Did you change your mind?
Where you drunk or under the influence of drugs
Did you like it (I just cringed)?
They are your partner/spouse maybe it’s a misunderstanding
Why didn’t you scream for help?
Why didn’t you tell anyone immediately?
CAREGIVERS BEING TRIGGERED
Because rape and sexual assault is so common, it is possible that you yourself might feel triggered when dealing with the emotional trauma of rape in first aid. PTSD ranges from person to person and how we handle it does too. Being triggered can sometimes feel obvious while other times it may be subtle. Sometimes PTSD will show its ugly horns days after the event.

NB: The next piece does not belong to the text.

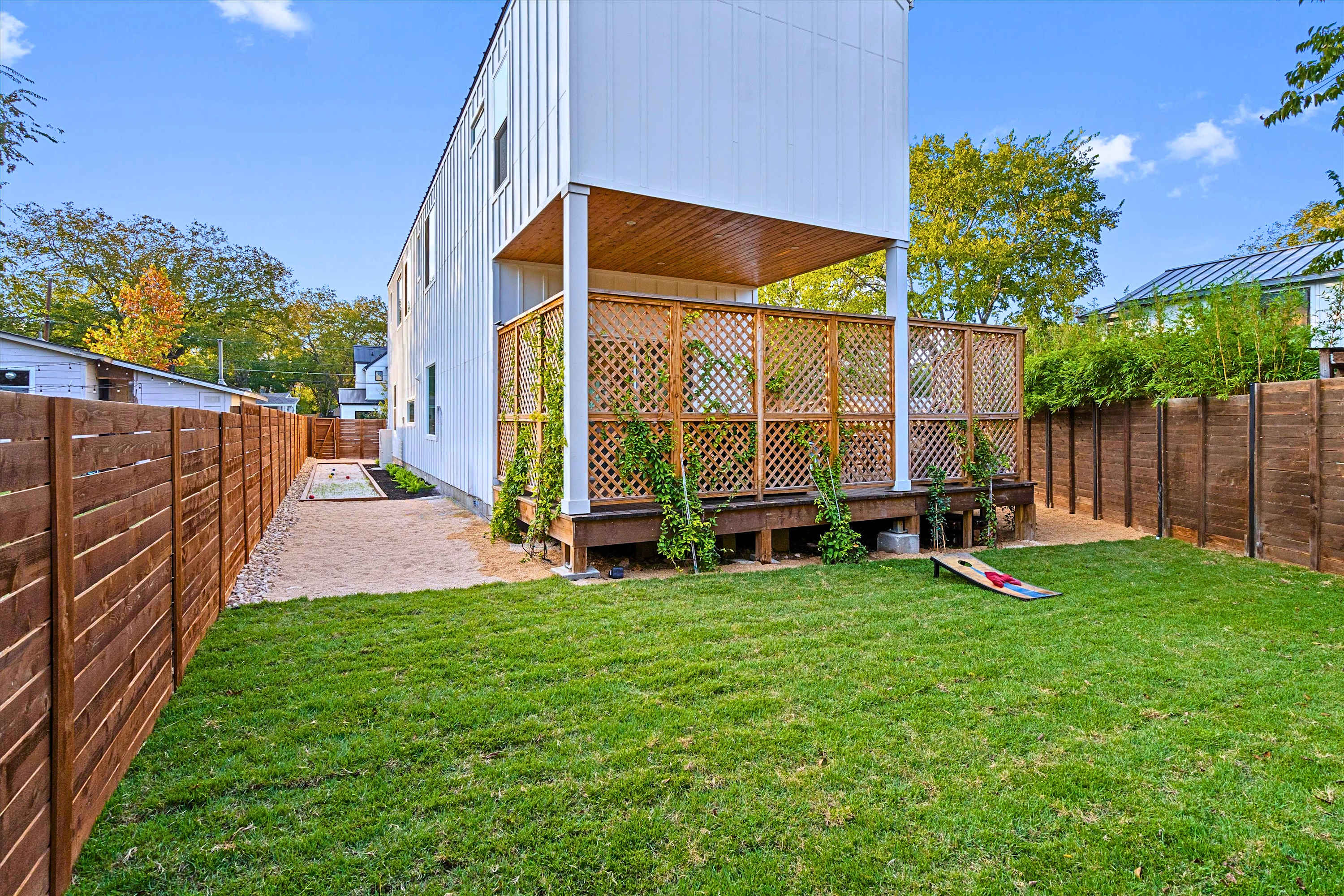 Grassy Outdoor Area Featuring Cornhole and Bocce Ball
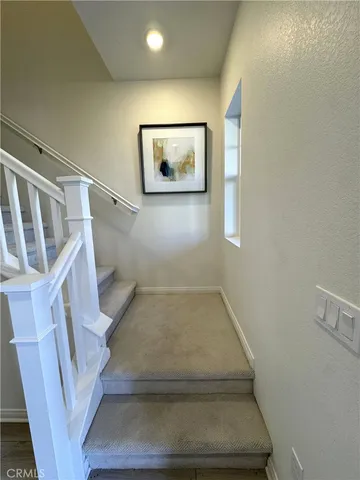 a view of staircase with white walls and a window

Even when you feel really confident that you can handle something to this extreme you may find out that you can’t, and that’s OK. Knowing how you act when you are triggered can be surprising; for some it is being zoned out and not listening while for others its crying, not sleeping, and anger, or it could be none of those things. If your feeling like this might be a possibility and there are other people in first aid that can help, reach out and express to them that it might be too much for you. Don’t try to take on a situation like this alone. In every first aid situation you should always be working with another first aid crew member. This ensures support for each other, breaks, and more support for the person. Taking care of yourself during first aid is like first aid 101, as first aid staff we are susceptible to getting sick, emotional strain, long shifts, and little time to eat and sleep. So it’s very important to make sure you take care of yourself, and reach out for help when you feel you need it. Some helpful tips are:
Remind yourself you are safe
Remind yourself how this is different from your personal experience
Get a cup of hot tea/ herb blend of calming herbs /supplement like GABA, or Calm magnesium.